I strongly believe that this transformation can be attributed to four broad trends, which I’ll discuss in turn:

  • APIs (application programming interfaces)
  • Big Data
  • The Internet of Things
  • Full-stack JavaScript

1. APIs - Like it or not, today’s web landscape remains heavily siloed in a lot of crucial respects. There’s tons of information out there that you will never, ever be privy to (and this extends beyond things like authentication information that should be secret in principle). But beginning with companies like eBay in the mid-oughts, APIs have come along as a kind of de-siloing force. This has created a scenario in which organizations like Twitter, Facebook, LinkedIn, and millions of others

(a) essentially offer information-based services in exchange for data, and

(b) increasingly have an interest in opening up a wide variety of information to third parties. A lot of that data never sees the light of day (hence the silo metaphor). APIs are a force to be reckoned with, and changes in that space leave a mark on the rest of the web.

There isn’t a lot of hard data on XML vs. JSON usage in APIs, but sources like Programmable Web and others strongly suggest that XML is still a major player in the world of APIs, but that JSON’s star is rising fast. Twitter’s API went JSON-only almost two years ago. Foursquare has followed suit.

2. Big Data - The rise of JSON as a key player in database technologies is another bad portent for XML. As it stands, Big Data does not have a preferred data interchange format per se. But the claim that I’d like to make about Big Data and JSON is a bit more specific. What I’d like to argue is that JSON is emerging as a preferred format in web-centric, so-called “NoSQL” databases. These are databases that are

(a) intended to accommodate massive scalability,

(b) designed to deal with data that often does not seamlessly conform to a columnar/relational model, and

(c) to be web-oriented at their very core.

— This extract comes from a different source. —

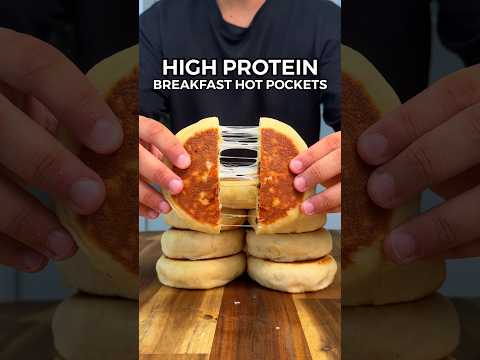 High Protein Breakfast Hot Pockets🍳🥓 Only 328 Calories With 32g Protein!
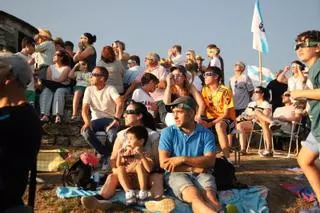 El eclipse desde la comarca del Deza, en imágenes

The most well-known examples of databases of this sort are MongoDB, CouchDB, and Riak. All three are JSON-based, horizontally scalable, and deeply web-driven.

Other examples abound: the architecture of Amazon’s DynamoDB is entirely REST/JSON. Neo4J, a graph database that really confounds a lot of our thinking about what databases are all about, has a REST/JSON API, with no corresponding XML support. HBase‘s REST architecture currently supports XML, but that support is on the way to deprecation.

For some time now, it has been possible, via various means, to feed queries into MySQL and get JSON back (there are plenty of ways to do this, but MySQL 4.1’s AS json command is surely the most handy). The same goes for Postgres and other columnar databases. But MySQL, Postgres, and the others were not constructed with JSON as a fundamental building block.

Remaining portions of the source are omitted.